OPINION: The unfortunate relationship between racism and professionalism

Isaac Werner  

iwerner@uccs.edu  

     Creativity tends to have difficulty thriving in a modern society crumbling under late-stage capitalism. Whether it is in the educational sphere or the workplace, workers are urged to remain professional. In this context, professional tends to equate to sameness, the status quo, undisruptive.  

     So, when speaking on the unprofessional state of body modifications, we turn towards the supposed attack on personal creativity. With creative people wanting to express those abilities, tattooing and piercing have been deemed satisfactory avenues for them. The satisfactory does not translate into the work environment. So, it seems like an obvious attack on self-expression, right?  

     Well, yes and no.  

     The stigma against body modifications, particularly tattoos, existed long before our typical 9 to 5 office jobs. It is a part of something much bigger and more dangerous than many can expect.  

     The culture behind professionalism is — to put it simply — racist. To slim yourself down to just an echo of the person you are is the unspoken requirement for employment. For white people, this can often mean investing in business attire that is uncomfortable to wear. For people of color, the racism of professionalism often scrutinizes things as simple as their names, the way they speak and even their natural hair.  

     So, it is safe to say that the negativity surrounding body modifications is an unfortunate byproduct of racism.  

     The art of piercing originated in Native American, Indian and other cultures deemed “primitive” through imperialism and colonization, which were perpetuated by the same group of people who have created the culture of professionalism. Native Americans were considered lower class, with that piercings were considered lower class and unprofessional.  

     A study titled “The Commodification of Body Modification” was conducted by Gary S. Foster and Richard L. Hummel, presented at the 2000 annual meeting of the Midwest Sociological Society. The abstract provided by the researchers summarizes how racism and professionalism intertwine: 

     “From a western bias, the more extreme body modification, with roots in non-western traditions, is often cast as radical, as a stigma symbol because of historical association with deviant or marginal groups.”  

     Simply put, Western bias undoubtably determines what is professional and what is not. When Western culture is the sole decider of what counts as professional and unprofessional, racism will always prevail in order to keep the space of professionalism comfortable and convenient for white workers.  

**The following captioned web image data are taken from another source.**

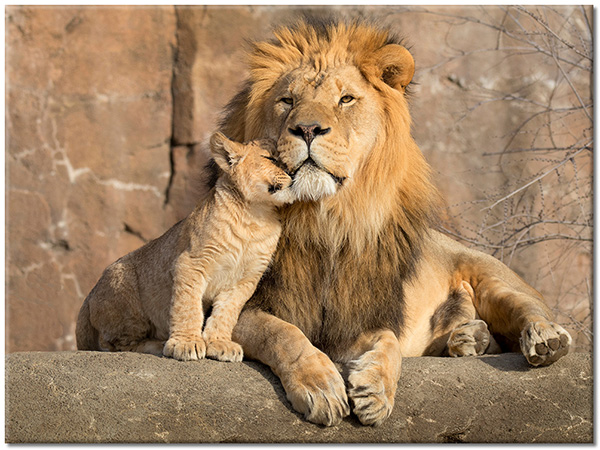 Tablou: Mândrul rege leu alături de puiul său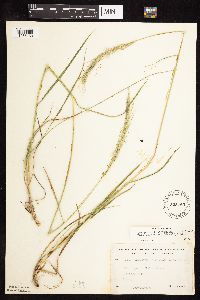 Elymus trachycaulus image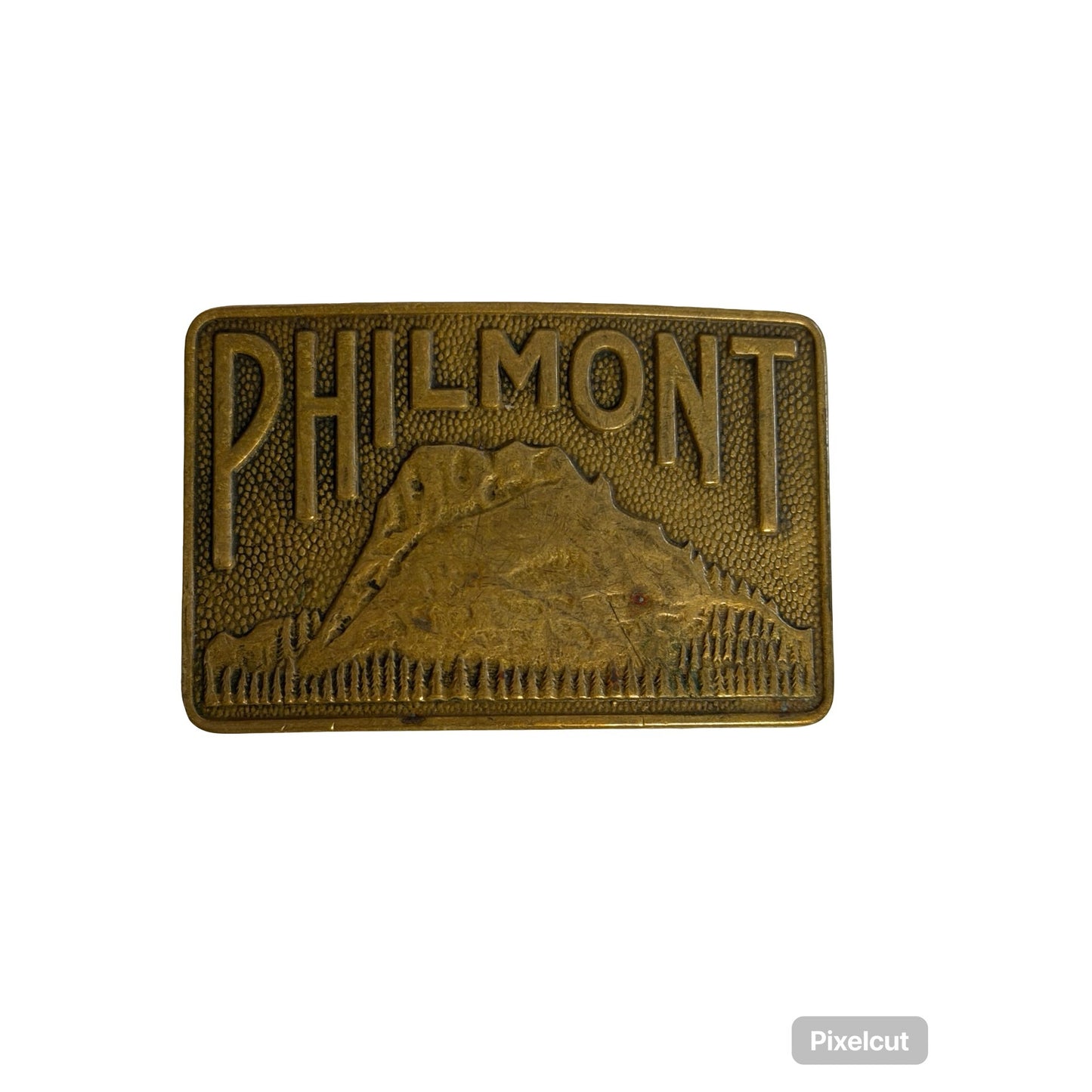 Vintage Philmont Belt Buckle Brass Tone Mountain Scenery Scout Ranch 3x2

     Whatever prevents people of color from progressing in society is a win for Western cultures, so employers often see no problem with making sure workers remain professional.  

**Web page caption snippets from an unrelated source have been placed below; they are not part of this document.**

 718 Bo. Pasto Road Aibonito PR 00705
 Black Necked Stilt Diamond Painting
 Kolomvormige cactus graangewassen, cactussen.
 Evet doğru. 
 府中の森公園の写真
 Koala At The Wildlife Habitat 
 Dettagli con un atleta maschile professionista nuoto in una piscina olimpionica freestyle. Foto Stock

     These expectations for workers of color also further enhance late-stage capitalism. Workers are forced to adhere to a specific dress code, which affects the way they dress and present themselves. At first, it’s not a big deal. Just wear business attire? No problem. Just come in clean-shaven, and keep hair uncovered? No problem.  

     Except for when it is.  

     Workers have turned into a commodity themselves, faceless and nameless tools to create profit that they rarely reap the benefits of. This, alongside the racism behind professionalism, provides the perfect way to keep employment and livable wages accessible to only a specific group of people.